とりたてて用事はなく、だからといって暇つぶしをする気もせず。

嵐の前の静けさというよりも、

浮雲に乗せられてどこか不案内な何処へと運ばれていくようなところにこころは居て、

いまだけは、いつもと同じ音楽や食事は違う感覚を提供している。

ちょうど旅立ちの朝の食事は急かすような味わいがするように。





旅について網野義彦は、江戸期に幾度か旅行ブームが起きていたことを指摘しているが、

江戸時代の人は遠くの仏閣に参詣することにあこがれをいだいていたという。

休耕期に鍬を置き徒歩(かち)にて西方へと歩みだした坂東の農民のこころには、

そのとき如何なる感情が芽生えていたのだろうか。




三里に灸をすえる旅の一方で、詩人ヘルダーリンはついぞギリシアを訪ねたことがなかった。
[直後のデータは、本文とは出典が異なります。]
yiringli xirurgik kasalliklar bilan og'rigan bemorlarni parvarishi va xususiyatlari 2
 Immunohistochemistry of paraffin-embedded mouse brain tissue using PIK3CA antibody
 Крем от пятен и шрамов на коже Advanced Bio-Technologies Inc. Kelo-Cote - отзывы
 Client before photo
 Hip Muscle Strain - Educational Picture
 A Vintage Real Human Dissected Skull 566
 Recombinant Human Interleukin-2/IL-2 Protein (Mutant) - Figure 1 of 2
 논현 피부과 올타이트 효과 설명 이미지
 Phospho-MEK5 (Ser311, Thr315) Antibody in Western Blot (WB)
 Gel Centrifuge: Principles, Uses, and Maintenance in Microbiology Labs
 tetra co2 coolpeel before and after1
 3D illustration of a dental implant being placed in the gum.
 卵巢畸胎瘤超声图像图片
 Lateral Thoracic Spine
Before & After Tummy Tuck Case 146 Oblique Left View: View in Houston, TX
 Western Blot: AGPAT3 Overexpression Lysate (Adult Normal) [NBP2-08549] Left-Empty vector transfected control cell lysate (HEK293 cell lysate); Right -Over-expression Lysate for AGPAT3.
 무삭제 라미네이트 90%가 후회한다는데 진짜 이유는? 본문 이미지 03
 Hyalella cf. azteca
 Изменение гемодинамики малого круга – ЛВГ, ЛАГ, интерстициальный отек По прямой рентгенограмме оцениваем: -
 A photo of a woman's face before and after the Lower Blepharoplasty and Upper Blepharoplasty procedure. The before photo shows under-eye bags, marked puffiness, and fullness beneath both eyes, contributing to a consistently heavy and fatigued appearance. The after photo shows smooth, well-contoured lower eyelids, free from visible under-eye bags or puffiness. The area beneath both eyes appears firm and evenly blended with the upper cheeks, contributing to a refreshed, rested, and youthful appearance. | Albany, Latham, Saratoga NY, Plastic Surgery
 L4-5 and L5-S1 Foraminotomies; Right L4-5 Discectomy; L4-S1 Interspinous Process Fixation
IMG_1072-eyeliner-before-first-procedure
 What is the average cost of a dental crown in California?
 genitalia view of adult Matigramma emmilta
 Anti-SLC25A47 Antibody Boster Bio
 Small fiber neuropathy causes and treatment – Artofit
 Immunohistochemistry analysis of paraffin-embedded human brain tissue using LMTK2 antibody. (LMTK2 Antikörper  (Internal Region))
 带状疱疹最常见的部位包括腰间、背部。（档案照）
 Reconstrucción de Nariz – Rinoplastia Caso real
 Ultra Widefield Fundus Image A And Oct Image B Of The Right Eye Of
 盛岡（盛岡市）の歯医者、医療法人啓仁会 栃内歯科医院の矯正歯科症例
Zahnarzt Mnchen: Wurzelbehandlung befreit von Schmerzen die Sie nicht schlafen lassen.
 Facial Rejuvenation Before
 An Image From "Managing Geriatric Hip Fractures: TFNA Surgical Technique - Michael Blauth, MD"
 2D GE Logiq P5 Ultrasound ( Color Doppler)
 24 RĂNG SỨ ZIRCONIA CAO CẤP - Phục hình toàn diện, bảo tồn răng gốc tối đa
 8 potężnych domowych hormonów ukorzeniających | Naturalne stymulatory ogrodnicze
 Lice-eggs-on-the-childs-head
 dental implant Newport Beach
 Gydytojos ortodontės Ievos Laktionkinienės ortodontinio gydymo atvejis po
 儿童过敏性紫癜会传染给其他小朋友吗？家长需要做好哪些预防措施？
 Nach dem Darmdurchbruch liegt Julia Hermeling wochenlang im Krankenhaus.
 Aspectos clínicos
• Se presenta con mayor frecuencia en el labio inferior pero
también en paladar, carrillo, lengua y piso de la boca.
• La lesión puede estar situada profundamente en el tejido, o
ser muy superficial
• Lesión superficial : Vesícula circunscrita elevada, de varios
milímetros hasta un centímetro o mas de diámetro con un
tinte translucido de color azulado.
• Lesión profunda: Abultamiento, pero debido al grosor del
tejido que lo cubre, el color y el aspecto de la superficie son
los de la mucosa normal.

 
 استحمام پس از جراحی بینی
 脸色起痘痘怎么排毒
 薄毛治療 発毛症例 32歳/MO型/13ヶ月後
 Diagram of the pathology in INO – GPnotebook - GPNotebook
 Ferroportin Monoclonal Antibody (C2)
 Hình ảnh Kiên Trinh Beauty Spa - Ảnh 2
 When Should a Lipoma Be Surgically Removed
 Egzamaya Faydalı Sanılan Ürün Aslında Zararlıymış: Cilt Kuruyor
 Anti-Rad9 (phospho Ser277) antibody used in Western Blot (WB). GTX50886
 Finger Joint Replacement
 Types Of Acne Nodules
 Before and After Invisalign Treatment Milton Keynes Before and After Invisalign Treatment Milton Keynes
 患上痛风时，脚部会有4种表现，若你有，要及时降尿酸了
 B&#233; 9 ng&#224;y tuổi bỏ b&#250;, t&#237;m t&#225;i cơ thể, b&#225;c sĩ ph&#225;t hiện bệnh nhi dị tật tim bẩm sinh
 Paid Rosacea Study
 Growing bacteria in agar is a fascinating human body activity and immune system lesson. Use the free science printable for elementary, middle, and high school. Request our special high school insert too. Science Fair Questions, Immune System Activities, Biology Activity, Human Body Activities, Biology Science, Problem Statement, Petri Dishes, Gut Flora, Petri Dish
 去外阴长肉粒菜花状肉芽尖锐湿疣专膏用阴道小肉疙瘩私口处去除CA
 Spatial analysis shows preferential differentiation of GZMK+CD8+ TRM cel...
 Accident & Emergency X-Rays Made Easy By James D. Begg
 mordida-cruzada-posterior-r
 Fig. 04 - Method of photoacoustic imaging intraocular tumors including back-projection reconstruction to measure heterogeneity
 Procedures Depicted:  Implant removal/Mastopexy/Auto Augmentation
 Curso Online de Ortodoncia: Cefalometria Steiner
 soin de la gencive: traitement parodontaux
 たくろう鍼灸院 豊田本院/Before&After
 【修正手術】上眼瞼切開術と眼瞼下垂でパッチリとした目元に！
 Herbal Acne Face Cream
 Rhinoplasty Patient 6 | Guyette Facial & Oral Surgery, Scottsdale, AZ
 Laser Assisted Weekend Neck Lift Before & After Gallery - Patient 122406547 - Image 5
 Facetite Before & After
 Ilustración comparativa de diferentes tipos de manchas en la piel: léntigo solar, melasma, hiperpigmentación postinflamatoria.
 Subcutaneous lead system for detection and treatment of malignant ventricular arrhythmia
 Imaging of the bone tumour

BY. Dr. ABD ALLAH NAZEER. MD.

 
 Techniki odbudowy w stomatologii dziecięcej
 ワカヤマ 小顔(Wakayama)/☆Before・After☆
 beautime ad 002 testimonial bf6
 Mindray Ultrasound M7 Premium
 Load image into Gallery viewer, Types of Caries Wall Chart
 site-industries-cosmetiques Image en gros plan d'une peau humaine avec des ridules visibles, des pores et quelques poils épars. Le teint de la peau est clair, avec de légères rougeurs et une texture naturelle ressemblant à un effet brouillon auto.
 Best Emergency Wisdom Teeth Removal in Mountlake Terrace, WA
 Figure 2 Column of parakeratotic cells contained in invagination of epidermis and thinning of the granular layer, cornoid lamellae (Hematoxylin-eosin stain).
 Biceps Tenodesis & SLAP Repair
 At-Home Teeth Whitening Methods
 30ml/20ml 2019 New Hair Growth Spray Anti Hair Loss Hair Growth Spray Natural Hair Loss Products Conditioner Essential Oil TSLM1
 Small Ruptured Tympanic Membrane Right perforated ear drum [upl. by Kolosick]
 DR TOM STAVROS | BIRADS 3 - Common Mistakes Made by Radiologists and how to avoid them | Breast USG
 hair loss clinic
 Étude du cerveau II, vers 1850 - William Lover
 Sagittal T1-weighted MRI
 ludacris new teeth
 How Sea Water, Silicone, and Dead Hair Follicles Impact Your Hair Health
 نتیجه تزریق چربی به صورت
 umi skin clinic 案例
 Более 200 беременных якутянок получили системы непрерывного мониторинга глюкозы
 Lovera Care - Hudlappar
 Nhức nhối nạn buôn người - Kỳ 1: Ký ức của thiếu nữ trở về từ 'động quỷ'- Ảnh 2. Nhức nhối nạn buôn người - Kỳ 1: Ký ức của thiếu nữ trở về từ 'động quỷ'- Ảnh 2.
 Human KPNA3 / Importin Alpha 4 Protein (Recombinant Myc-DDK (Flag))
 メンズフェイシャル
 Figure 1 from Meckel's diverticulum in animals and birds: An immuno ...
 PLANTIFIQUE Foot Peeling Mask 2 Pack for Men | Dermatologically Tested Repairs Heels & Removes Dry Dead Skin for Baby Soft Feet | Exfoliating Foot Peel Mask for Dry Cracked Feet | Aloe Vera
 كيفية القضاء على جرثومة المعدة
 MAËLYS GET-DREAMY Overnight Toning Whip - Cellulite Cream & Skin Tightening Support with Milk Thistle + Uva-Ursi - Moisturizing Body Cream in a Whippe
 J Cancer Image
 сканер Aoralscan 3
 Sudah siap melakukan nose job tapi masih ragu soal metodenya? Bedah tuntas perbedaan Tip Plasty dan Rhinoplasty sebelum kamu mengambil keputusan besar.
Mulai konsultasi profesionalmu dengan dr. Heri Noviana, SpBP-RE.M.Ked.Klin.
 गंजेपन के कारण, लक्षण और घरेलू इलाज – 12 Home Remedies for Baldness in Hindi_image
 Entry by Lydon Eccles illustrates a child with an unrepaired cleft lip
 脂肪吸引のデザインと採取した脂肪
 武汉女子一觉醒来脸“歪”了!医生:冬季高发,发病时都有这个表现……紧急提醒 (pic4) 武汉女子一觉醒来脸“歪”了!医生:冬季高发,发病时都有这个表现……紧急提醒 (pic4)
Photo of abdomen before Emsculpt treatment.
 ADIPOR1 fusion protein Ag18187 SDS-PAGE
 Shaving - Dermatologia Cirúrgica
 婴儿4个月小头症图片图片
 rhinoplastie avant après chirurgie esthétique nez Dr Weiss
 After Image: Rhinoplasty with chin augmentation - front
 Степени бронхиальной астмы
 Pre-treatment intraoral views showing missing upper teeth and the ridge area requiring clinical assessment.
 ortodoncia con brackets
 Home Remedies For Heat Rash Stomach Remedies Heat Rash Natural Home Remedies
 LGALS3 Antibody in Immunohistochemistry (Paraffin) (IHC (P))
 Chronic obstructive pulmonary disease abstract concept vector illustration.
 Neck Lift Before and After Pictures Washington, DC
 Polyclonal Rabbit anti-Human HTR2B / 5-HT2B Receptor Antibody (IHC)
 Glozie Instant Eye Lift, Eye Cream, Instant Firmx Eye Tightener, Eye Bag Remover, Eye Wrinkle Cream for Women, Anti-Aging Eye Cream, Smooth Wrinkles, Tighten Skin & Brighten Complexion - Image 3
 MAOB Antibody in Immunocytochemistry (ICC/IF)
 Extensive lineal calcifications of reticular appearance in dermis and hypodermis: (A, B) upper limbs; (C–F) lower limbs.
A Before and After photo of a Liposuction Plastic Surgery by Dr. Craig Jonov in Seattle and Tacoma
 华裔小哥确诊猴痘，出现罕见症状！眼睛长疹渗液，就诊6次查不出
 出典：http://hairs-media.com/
あの古代ギリシアを数多詠じたロマン派の詩人が、である。

しかしヘルダーリンギリシアを考えたとき、そうであっても、

ウェルギリウスオルフェウスは彼の心のなかで詩を詠じていたし、

たしかにヘルダーリンのこころはそのとき古代のギリシアをめぐっていた。

その旅ははたしてどういう種類のものだったのだろうか。

徒歩の旅人が丘陵から同心円状に拡がるギリシャの遺跡にたずね、魅せられ、

景観からうる過去の文明の興亡に思いを馳せる一方で、

ヘルダーリンの旅は昔日の人々の心に迫りすぎたのではなかったか。

なぜ彼は後半生を大工屋の納戸で薄命のうちに過ごすことになったのだろう。

幽玄の詩人が心を病んだのには理由があり、

それは旅人の不安と精神の未知が綯い交ぜになった濁流にヘルダーリンが飲み込まれていったからだと思う。

ともすると、『ヒューペリオン』を真に理解できないあいだ、読者のこころは健全なのかもしれない。




当たり前の一人として、いまは前者の旅人でありたい。